→ A comment to The Effectiveness of Political Assassinations.
Another answer why this doesn’t work is really simple: Consider that you were in a terrorist organization. You work with people in secrecy, but the ones you know are close to you, because they know your most intimate secrets.
Short: You fight alongside friends (though probably assholes by most ethical standards).
Now someone kills one of your friends.
He shown around in the media and people say how evil he was.
Now imagine not wanting revenge. Quite hard, isn’t it? A religious or power-play argument just got personal.
If it helps, imagine that the one who got killed was your father, sister or beloved one.
If it’s still hard to imagine why killing a leader is counterproductive, try to imagine that someone raped and killed your 14 year old daughter. Then he got celebrated in the media as hero. Would you manage to not start a personal war against him but to calmly go to a lawyer and accept to hear that your daughter incited him to his acts by dressing like a whore?

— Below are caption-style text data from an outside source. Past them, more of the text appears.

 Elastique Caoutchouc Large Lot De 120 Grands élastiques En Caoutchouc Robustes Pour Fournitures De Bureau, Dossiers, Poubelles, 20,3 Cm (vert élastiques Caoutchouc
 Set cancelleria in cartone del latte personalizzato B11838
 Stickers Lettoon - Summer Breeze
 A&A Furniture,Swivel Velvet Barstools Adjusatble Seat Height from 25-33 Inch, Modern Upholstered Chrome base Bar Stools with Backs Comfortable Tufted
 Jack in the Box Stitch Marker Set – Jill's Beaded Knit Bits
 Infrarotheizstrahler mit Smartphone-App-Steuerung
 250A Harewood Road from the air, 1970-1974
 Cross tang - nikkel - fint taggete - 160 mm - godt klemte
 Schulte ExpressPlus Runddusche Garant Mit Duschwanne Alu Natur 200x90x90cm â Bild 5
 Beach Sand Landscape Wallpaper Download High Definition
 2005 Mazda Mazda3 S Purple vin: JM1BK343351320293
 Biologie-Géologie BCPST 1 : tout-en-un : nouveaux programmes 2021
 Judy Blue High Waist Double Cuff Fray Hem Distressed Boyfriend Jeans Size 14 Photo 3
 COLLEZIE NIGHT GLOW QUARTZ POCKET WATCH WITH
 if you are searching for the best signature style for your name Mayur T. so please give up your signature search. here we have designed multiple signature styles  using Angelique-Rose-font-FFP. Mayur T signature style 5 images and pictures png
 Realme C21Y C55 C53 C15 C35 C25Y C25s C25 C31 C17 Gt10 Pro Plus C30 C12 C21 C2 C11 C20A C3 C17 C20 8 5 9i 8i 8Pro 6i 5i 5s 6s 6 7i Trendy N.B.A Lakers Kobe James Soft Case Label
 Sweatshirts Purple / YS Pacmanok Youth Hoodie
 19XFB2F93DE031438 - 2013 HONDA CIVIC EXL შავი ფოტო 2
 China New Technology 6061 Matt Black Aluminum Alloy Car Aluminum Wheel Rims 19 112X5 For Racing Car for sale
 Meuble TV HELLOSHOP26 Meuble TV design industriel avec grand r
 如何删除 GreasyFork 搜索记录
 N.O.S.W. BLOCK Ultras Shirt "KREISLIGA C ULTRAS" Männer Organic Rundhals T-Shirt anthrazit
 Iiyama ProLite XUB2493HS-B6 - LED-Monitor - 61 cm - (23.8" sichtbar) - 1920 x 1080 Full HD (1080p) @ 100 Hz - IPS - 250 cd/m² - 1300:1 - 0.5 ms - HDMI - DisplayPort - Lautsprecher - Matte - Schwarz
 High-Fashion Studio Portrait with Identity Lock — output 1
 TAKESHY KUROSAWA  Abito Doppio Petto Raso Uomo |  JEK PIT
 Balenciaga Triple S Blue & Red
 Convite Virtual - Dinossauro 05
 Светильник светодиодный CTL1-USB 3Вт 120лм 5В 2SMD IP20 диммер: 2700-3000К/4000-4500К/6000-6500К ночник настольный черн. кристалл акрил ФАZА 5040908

If this sounds unrelated: It’s the same emotional reaction, just pulled into our own cultural context. Terrorists believe that they fight for a just cause (at least if they aren’t only in it for the money). So any killing just strengthens their will to fight all out.
The only reason why killing a leader could stop the group is that the leader may be the only one whom all inside the group know and who can coordinate it. But naturally he has lieutnants who also know all, and if one of those dies, he gets replaced.
So please fight terrorism in way which works: Making sure that terrorists have no support in the general population. This naturally means that you must not be openly hostile to them.
Ask first “Why do they hate us?”, and then try to change that.